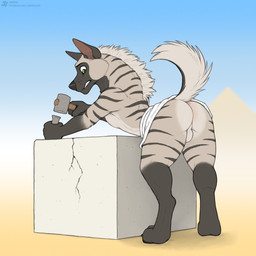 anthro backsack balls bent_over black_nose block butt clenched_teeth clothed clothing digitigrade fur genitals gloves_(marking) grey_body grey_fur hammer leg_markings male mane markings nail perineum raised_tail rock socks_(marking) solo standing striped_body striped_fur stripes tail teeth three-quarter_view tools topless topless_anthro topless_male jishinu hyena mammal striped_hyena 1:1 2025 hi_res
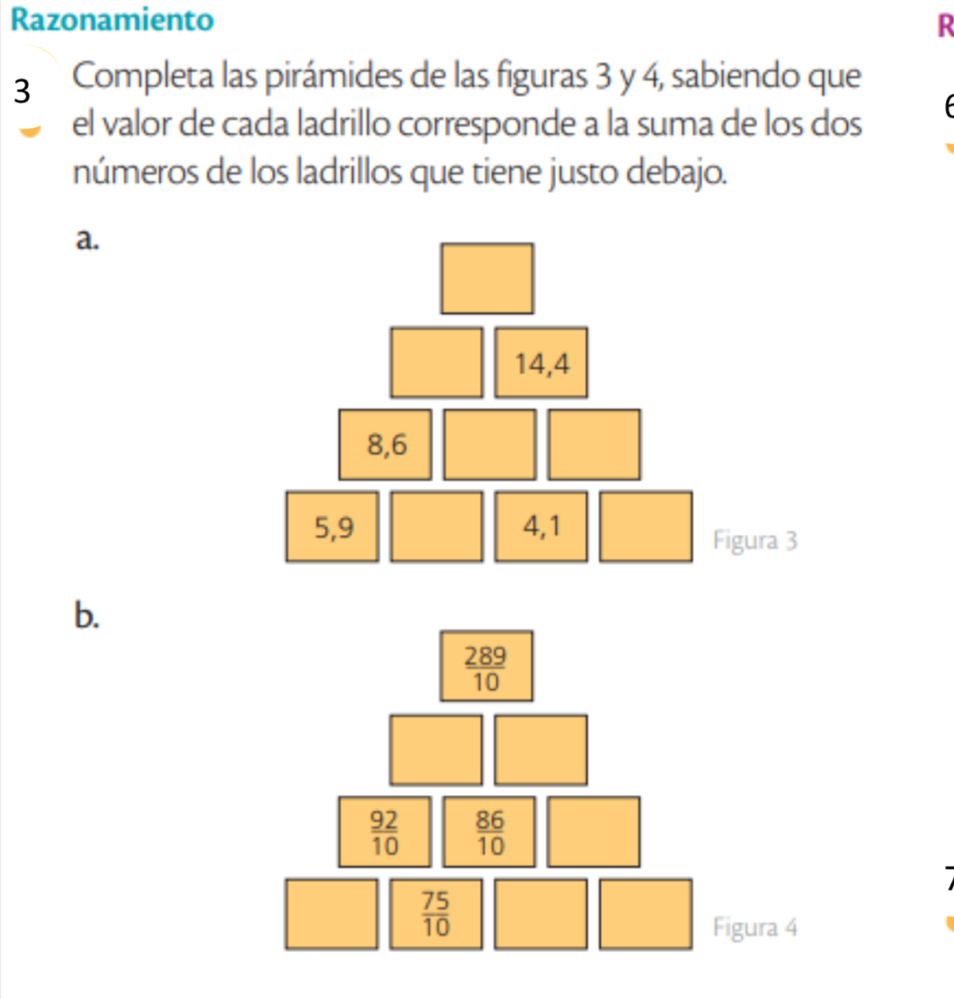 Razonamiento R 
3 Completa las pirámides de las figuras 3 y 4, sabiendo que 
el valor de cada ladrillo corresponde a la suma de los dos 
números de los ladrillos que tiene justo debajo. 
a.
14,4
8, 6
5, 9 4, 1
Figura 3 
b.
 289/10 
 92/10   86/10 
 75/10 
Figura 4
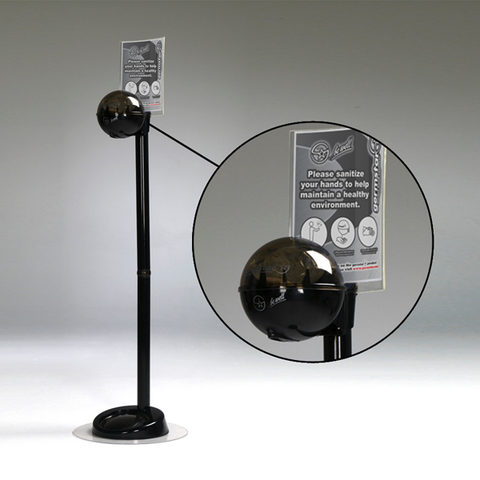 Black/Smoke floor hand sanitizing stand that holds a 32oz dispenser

* * *

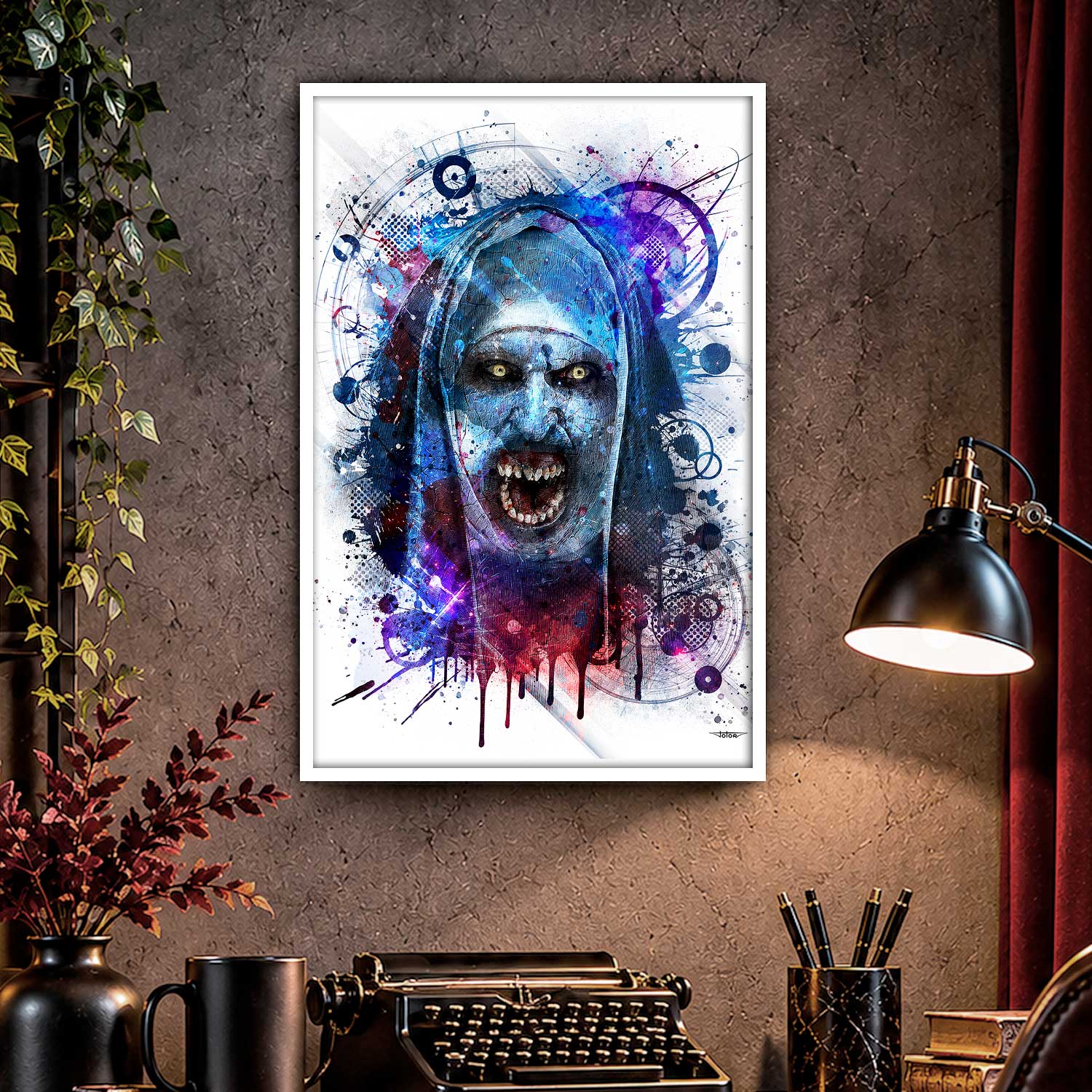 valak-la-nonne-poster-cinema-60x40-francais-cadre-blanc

---

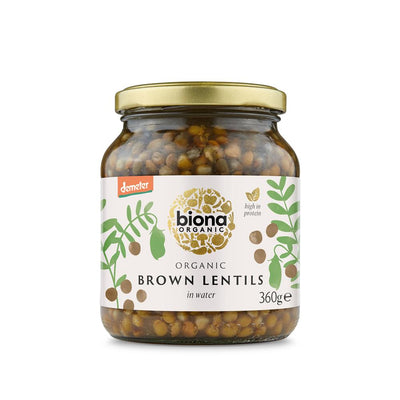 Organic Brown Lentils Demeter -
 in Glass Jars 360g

* **Exercise objective**:
From the data above, return exactly the lines from the one with "anthro backsack balls" up to and including the one with "Black/Smoke floor hand". Pictures do not go in the copy.

* **Response to the exercise**:
 anthro backsack balls bent_over black_nose block butt clenched_teeth clothed clothing digitigrade fur genitals gloves_(marking) grey_body grey_fur hammer leg_markings male mane markings nail perineum raised_tail rock socks_(marking) solo standing striped_body striped_fur stripes tail teeth three-quarter_view tools topless topless_anthro topless_male jishinu hyena mammal striped_hyena 1:1 2025 hi_res
 Razonamiento R 
3 Completa las pirámides de las figuras 3 y 4, sabiendo que 
el valor de cada ladrillo corresponde a la suma de los dos 
números de los ladrillos que tiene justo debajo. 
a.
14,4
8, 6
5, 9 4, 1
Figura 3 
b.
 289/10 
 92/10   86/10 
 75/10 
Figura 4
 Black/Smoke floor hand sanitizing stand that holds a 32oz dispenser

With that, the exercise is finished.